Hansteen is in fine shape. Stripping out one-off items and property valuations, profits were up 21 per cent. Property valuations were also surprisingly resilient, with overall growth of 0.8 per cent. It’s testament to the strength of the industrial landlord’s business model that it can deliver big and growing dividends even as the secondary property markets in which it operates continue to weaken.

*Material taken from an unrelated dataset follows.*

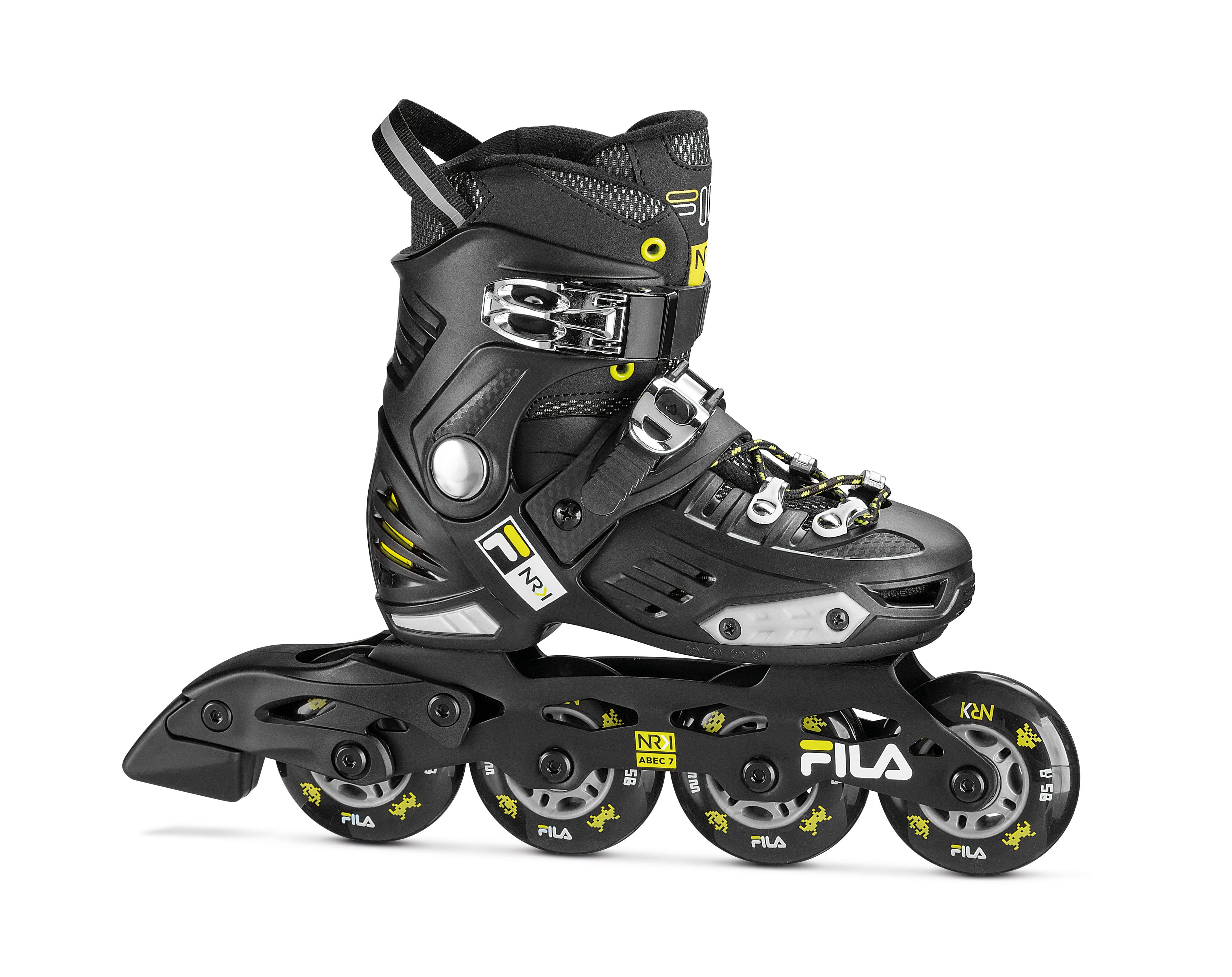 Patines NRK JUNIOR BOY BLACK/LIME/LIGHTBLUE-vista frontal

Net asset value (NAV) did fall slightly, but that was mainly due to the payment of the larger final dividend and currency movements. Around 84 per cent of Hansteen’s wholly-owned portfolio is in the eurozone - mainly Germany - so the euro’s decline against sterling has hit both its earnings and the value of its assets, as reported in sterling. Conversely, it has made overseas acquisitions cheaper - Hansteen bought six properties for €26m (£20.6m) over the period.
Hansteen can afford big dividends because the rental yield of its portfolio is high - 8.4 per cent on average - while its cost of debt is very low at 3.3 per cent. At the same time, the dividends should continue to grow as the company makes further acquisitions from deleveraging banks and as it gradually fills up the 20 per cent of its portfolio that remains vacant.
Brokerage Investec expects adjusted NAV of 86p by year-end, up from 81p at 30 June.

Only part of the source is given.